» **Exercise materials**:
"""

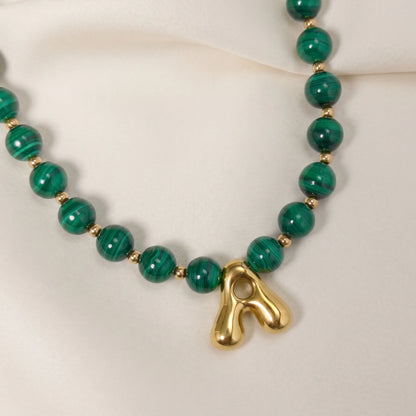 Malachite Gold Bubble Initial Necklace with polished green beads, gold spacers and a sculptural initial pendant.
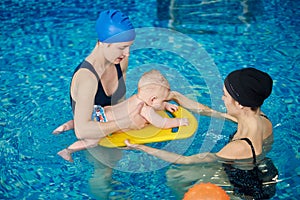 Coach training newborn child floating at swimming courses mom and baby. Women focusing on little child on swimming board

"""
"""

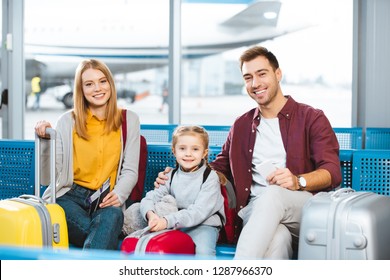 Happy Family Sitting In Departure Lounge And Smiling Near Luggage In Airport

"""
"""

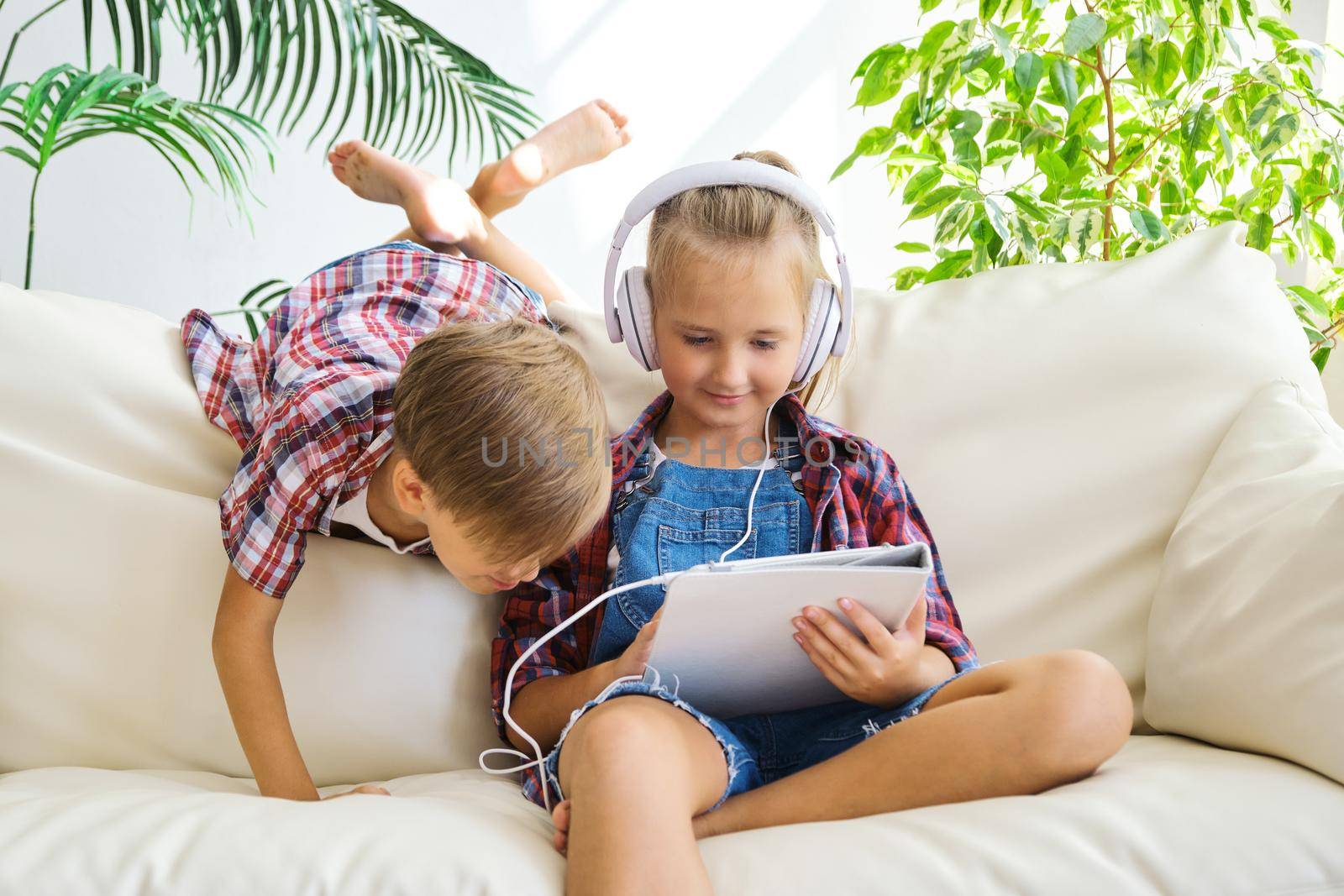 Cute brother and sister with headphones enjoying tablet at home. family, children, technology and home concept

"""

» **Work required**: How would the lines above read from the one with "Malachite Gold Bubble" to the one with "Coach training newborn", inclusive, with no pictures? Write them out exactly.

» **Result**:
 Malachite Gold Bubble Initial Necklace with polished green beads, gold spacers and a sculptural initial pendant.
 Coach training newborn child floating at swimming courses mom and baby. Women focusing on little child on swimming board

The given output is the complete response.